Given two sets $A, B$ let $f:A\to B$ be surjective and suppose $R\subseteq A\times A$ is an antisymmetric relation. Does it follow that $S=\{(b,b')\in B\times B\ \vert \exists a,a'\in A: a R a', f(a) = b, f(a') = b' \}$ is also antisymmetric?

Here's my work. If $R=\emptyset$ then $S=\emptyset$ and they're both antisymmetric.

So let $R\neq\emptyset$ be antisymmetric and suppose $b,b'\in B$ satisfy $b S b'$ and $b' S b$. Then there exist $a_1,a_2,a_3,a_4\in A$ such that $a_1 R a_2, a_3R a_4$ and $f(a_1) = b = f(a_4), f(a_2)= b'=f(a_3).$ Since in general we may assume that the $a_i$ are distinct and $f$ is not injective, $b= b'$ does not follow.

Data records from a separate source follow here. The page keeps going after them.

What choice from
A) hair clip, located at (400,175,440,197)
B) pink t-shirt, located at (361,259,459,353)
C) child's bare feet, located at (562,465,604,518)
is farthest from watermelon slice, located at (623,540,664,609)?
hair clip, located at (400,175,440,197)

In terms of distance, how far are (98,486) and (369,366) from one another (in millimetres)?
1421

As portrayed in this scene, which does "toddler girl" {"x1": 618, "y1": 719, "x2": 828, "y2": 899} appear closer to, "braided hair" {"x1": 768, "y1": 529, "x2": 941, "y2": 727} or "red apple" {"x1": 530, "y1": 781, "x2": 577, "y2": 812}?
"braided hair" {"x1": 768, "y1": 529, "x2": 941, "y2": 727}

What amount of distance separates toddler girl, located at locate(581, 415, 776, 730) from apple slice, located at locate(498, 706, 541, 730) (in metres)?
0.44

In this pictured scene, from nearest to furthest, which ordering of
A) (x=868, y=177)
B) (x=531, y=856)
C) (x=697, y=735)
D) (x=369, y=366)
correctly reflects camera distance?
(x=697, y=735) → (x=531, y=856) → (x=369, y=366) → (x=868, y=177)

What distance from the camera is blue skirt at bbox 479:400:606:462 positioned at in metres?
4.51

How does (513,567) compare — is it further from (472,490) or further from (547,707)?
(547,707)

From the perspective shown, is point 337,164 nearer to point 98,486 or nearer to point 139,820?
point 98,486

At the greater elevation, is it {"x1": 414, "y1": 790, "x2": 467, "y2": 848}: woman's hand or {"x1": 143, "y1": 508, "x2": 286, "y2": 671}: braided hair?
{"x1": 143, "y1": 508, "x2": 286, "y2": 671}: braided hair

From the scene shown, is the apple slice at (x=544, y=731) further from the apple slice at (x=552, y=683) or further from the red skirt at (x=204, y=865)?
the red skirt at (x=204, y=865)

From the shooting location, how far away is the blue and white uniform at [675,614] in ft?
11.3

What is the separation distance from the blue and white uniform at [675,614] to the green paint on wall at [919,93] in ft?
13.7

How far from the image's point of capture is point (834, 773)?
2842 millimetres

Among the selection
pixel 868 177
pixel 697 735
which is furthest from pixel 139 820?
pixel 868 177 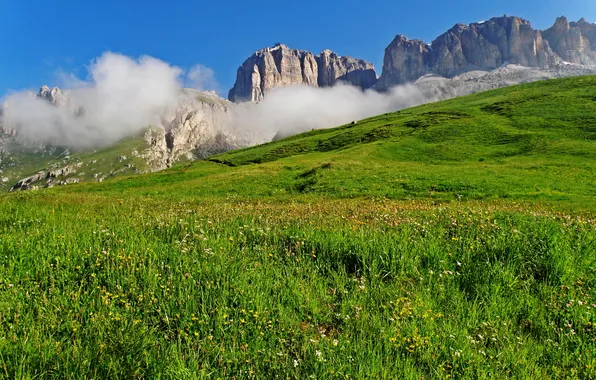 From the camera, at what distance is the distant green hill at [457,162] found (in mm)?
34906

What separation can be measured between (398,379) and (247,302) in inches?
87.7

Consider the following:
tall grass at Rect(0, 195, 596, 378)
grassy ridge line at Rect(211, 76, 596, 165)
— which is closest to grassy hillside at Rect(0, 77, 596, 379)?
tall grass at Rect(0, 195, 596, 378)

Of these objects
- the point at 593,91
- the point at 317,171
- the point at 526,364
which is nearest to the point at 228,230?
the point at 526,364

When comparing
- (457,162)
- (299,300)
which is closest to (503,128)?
(457,162)

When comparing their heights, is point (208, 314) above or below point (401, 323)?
above

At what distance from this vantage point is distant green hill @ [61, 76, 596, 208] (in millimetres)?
34906

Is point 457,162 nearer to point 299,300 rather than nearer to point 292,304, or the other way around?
point 299,300

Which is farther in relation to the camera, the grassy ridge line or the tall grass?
the grassy ridge line

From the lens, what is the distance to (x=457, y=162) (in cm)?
5644

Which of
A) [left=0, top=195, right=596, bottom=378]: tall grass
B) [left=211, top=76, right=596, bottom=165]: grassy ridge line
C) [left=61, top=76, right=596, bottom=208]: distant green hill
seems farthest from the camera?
[left=211, top=76, right=596, bottom=165]: grassy ridge line

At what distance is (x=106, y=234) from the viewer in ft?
22.3

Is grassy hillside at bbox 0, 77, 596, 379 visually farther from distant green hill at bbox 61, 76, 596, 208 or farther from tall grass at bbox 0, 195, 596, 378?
distant green hill at bbox 61, 76, 596, 208

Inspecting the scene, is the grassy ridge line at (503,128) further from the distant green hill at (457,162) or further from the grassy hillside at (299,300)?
the grassy hillside at (299,300)

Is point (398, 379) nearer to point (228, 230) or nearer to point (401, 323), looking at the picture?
point (401, 323) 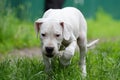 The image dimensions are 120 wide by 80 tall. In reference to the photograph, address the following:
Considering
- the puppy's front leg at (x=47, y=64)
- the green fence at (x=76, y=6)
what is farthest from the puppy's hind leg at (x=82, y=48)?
the green fence at (x=76, y=6)

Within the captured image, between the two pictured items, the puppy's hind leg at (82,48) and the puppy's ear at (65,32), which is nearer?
Answer: the puppy's ear at (65,32)

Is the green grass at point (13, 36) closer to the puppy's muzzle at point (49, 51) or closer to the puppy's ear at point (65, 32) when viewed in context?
the puppy's ear at point (65, 32)

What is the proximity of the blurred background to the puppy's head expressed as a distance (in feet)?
14.8

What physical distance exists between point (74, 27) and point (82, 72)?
2.04 ft

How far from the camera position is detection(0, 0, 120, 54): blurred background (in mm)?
12906

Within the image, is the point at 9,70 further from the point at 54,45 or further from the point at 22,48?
the point at 22,48

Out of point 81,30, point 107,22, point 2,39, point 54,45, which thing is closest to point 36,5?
point 107,22

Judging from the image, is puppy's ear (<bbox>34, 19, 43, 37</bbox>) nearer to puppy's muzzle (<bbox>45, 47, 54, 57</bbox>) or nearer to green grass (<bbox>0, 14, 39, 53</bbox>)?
puppy's muzzle (<bbox>45, 47, 54, 57</bbox>)

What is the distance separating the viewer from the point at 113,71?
752 centimetres

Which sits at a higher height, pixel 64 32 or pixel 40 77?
pixel 64 32

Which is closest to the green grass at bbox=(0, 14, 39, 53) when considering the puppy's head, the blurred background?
the blurred background

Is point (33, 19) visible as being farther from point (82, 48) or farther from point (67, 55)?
point (67, 55)

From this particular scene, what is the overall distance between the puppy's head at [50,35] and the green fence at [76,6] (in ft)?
27.3

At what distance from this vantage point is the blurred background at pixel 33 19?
12906 mm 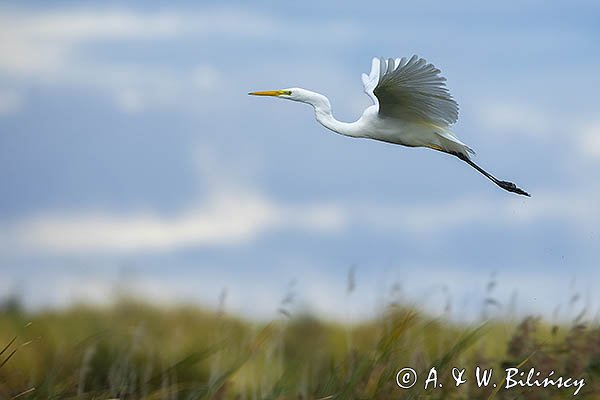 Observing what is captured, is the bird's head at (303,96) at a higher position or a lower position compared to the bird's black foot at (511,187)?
higher

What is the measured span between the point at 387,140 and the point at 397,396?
1.56 m

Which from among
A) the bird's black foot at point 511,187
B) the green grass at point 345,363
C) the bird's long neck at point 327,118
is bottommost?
the green grass at point 345,363

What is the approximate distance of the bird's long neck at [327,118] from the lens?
19.1 ft

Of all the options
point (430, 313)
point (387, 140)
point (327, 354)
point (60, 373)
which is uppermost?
point (387, 140)

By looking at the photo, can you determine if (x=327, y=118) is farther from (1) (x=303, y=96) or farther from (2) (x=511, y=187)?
(2) (x=511, y=187)

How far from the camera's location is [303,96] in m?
5.95

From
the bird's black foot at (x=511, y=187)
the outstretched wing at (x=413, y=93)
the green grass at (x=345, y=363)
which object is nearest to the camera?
the green grass at (x=345, y=363)

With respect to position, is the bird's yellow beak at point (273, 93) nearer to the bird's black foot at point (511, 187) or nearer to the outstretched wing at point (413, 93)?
the outstretched wing at point (413, 93)

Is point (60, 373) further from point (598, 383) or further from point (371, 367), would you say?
point (598, 383)

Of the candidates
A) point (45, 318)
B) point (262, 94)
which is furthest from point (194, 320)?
point (262, 94)

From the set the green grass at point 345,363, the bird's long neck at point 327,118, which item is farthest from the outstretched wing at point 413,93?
the green grass at point 345,363

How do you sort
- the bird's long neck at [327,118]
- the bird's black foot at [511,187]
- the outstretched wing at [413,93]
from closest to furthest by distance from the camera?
the outstretched wing at [413,93]
the bird's long neck at [327,118]
the bird's black foot at [511,187]

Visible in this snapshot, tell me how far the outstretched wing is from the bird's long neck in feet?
0.69

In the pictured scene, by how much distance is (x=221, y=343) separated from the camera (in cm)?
479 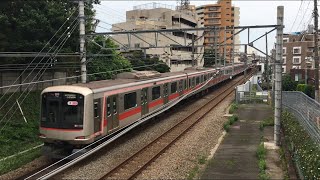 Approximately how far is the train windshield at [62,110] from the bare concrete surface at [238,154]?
4.73m

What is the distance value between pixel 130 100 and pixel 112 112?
7.01 ft

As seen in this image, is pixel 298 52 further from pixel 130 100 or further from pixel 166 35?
pixel 130 100

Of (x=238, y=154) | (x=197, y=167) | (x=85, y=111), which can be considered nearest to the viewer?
(x=197, y=167)

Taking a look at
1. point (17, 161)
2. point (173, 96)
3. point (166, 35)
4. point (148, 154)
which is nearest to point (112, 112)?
point (148, 154)

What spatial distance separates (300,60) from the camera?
69.1m

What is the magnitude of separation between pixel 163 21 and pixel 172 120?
50.2 m

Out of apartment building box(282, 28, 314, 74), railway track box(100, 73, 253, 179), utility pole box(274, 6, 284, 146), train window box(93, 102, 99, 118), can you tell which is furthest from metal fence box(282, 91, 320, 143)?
apartment building box(282, 28, 314, 74)

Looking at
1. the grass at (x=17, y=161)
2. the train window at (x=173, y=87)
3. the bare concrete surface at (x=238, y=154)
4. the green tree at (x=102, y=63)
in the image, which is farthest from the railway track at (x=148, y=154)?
the green tree at (x=102, y=63)

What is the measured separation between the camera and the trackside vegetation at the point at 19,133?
1294cm

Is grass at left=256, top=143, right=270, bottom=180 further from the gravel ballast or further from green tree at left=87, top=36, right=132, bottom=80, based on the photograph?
green tree at left=87, top=36, right=132, bottom=80

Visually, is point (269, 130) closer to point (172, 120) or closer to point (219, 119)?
point (219, 119)

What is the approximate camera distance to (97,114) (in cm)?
1323

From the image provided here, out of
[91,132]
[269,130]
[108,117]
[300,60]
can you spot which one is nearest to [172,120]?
[269,130]

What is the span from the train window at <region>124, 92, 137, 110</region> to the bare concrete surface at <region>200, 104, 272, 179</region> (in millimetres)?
4395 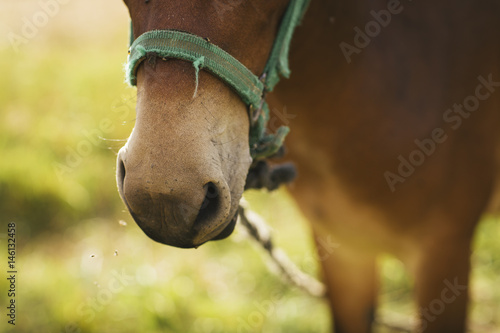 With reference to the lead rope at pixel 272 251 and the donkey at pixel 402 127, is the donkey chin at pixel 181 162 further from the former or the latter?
the lead rope at pixel 272 251

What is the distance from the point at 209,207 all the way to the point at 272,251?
4.50ft

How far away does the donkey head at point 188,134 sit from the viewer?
1.13 m

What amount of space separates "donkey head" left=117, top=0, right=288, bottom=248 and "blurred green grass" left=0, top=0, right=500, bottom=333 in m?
1.62

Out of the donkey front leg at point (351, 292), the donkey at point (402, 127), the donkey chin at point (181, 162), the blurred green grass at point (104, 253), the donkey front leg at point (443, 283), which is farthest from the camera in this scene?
the blurred green grass at point (104, 253)

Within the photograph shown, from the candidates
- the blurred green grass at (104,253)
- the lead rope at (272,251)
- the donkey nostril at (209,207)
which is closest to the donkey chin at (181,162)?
the donkey nostril at (209,207)

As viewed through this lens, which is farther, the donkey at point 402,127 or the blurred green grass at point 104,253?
the blurred green grass at point 104,253

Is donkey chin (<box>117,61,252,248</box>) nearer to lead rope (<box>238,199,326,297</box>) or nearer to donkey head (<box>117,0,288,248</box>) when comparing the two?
donkey head (<box>117,0,288,248</box>)

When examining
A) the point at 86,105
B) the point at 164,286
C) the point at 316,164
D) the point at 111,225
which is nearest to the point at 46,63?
the point at 86,105

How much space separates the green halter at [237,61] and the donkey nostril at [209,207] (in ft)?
0.89

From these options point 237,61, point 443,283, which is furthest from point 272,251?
point 237,61

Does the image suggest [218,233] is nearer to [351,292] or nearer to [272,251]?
[272,251]

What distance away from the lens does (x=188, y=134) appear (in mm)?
1147

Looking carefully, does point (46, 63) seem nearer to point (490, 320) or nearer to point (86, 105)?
point (86, 105)

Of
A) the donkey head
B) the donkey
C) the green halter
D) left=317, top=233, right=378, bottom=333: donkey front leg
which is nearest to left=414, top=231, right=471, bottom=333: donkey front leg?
the donkey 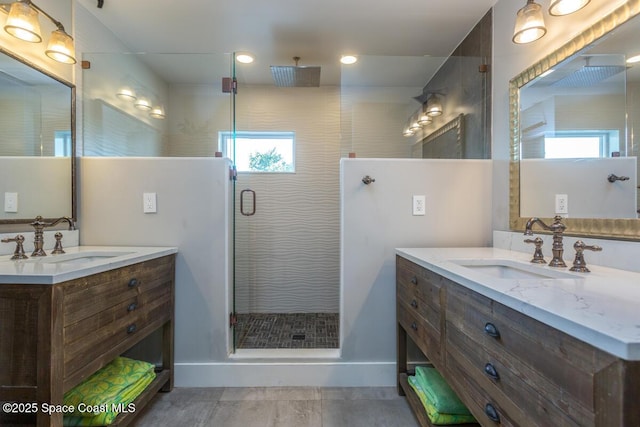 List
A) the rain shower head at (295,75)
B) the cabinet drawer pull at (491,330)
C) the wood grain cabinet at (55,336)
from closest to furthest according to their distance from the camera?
the cabinet drawer pull at (491,330) → the wood grain cabinet at (55,336) → the rain shower head at (295,75)

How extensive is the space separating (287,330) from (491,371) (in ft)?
6.68

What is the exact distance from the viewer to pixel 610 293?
0.81m

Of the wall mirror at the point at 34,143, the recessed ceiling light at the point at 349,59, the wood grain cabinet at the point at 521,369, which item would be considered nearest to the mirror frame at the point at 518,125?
the wood grain cabinet at the point at 521,369

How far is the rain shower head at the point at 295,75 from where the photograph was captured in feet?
8.78

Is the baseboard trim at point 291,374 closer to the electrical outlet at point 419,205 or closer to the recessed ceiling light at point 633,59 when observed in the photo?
the electrical outlet at point 419,205

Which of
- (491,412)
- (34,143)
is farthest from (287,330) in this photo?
(34,143)

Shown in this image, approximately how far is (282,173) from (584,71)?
2.40 metres

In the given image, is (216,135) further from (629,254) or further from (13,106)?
(629,254)

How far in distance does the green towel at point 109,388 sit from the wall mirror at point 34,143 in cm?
87

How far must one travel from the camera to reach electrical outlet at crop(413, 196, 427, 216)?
78.5 inches

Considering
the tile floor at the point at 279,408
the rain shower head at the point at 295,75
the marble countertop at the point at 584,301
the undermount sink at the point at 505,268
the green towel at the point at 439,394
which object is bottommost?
the tile floor at the point at 279,408

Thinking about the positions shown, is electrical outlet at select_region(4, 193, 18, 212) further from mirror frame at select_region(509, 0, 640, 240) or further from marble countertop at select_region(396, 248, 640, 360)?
mirror frame at select_region(509, 0, 640, 240)

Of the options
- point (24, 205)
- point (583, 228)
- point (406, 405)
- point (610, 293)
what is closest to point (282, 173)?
point (24, 205)

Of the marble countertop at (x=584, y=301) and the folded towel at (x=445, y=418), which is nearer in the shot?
the marble countertop at (x=584, y=301) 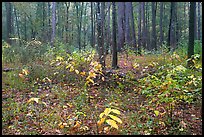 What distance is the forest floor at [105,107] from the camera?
5.44 metres

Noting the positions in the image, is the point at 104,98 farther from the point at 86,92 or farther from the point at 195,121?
the point at 195,121

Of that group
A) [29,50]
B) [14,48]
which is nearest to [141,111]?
[29,50]

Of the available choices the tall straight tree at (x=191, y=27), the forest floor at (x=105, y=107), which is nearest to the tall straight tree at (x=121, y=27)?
the tall straight tree at (x=191, y=27)

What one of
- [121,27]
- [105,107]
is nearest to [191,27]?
[105,107]

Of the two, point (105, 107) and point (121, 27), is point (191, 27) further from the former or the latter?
point (121, 27)

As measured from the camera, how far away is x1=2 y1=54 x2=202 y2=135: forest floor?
5.44m

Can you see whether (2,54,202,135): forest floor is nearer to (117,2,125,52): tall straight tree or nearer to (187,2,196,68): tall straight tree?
(187,2,196,68): tall straight tree

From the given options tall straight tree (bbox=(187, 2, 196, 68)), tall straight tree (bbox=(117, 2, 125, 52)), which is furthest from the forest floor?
tall straight tree (bbox=(117, 2, 125, 52))

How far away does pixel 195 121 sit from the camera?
5.71 meters

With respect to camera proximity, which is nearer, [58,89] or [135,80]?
[58,89]

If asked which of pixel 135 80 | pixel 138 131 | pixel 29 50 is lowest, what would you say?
pixel 138 131

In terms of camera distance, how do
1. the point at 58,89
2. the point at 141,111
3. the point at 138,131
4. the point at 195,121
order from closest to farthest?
1. the point at 138,131
2. the point at 195,121
3. the point at 141,111
4. the point at 58,89

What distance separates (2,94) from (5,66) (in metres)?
3.34

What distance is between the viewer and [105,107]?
262 inches
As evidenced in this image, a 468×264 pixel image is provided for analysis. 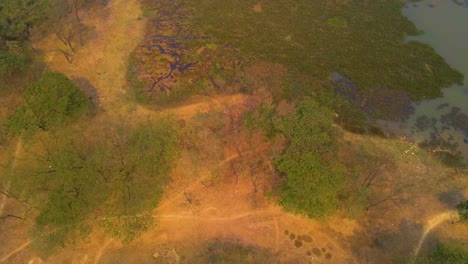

Is this correct, and enough? Or should I construct an explicit counterexample?

  • 1
    $\begingroup$ You need an explicit counterexample. This amounts to saying "It might not hold if $f$ satisfies this condition," but as far as you know it holds nonetheless. You only showed that it could conceivably not hold. That's not really a proof of anything. $\endgroup$ – Matt Samuel Oct 26 '19 at 16:18
  • $\begingroup$ My guess is that, when you wrote $S\times S$, you meant $B\times B$. $\endgroup$ – José Carlos Santos Oct 26 '19 at 16:20
  • $\begingroup$ @MattSamuel: I see... well, thank you, I'll try to find one. Any hint is welcome. $\endgroup$ – Learner Oct 26 '19 at 16:21
  • $\begingroup$ @JoséCarlosSantos Yes, thanks! $\endgroup$ – Learner Oct 26 '19 at 16:21

You've done an appropriate amount of work to be done, but you should express your work as a counterexample rather than as a condition that any counterexample would have. For instance, your $A=\{a_1, a_2,a_3,a_4\}$, $B=\{b,b'\}$, and so on. Then if you explicitly show that your order on $A$ is antisymmetric but your order on $B$ is not, then you're done.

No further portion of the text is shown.